→ TASK BRIEF: Copy out exactly the lines spanning the line with "How to paint" to the line with "9' X 12' Teal", inclusive, from the data underneath, with no pictures.

→ EXERCISE DATA:
==*==
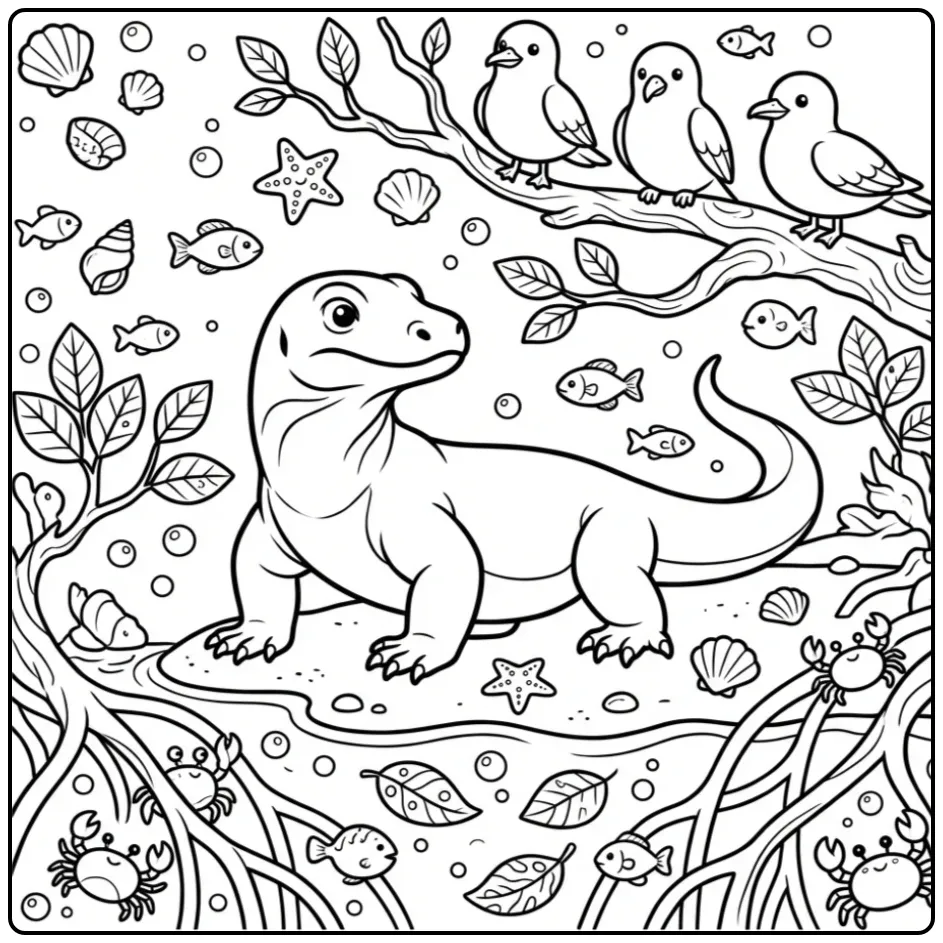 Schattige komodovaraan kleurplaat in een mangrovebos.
==*==
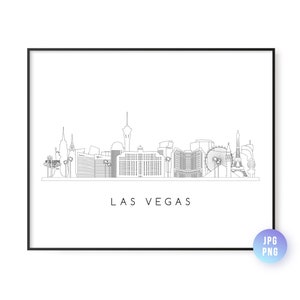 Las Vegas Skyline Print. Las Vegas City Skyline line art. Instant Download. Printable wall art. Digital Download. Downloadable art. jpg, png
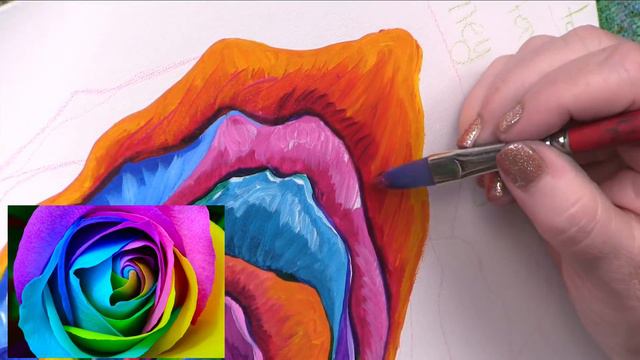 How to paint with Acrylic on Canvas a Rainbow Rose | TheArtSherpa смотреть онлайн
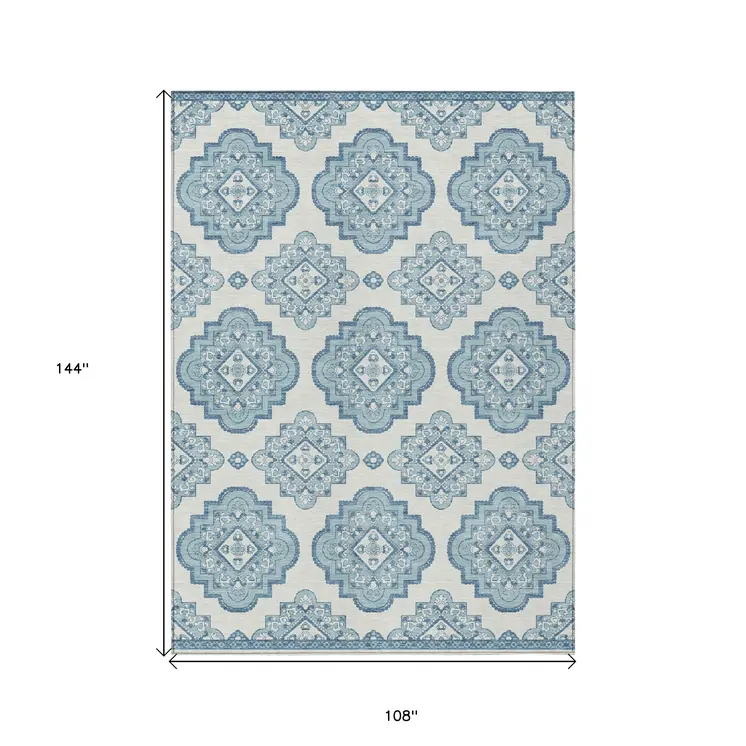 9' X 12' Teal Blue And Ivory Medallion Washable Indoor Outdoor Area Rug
==*==
→ OUTPUT BELOW:
 How to paint with Acrylic on Canvas a Rainbow Rose | TheArtSherpa смотреть онлайн
 9' X 12' Teal Blue And Ivory Medallion Washable Indoor Outdoor Area Rug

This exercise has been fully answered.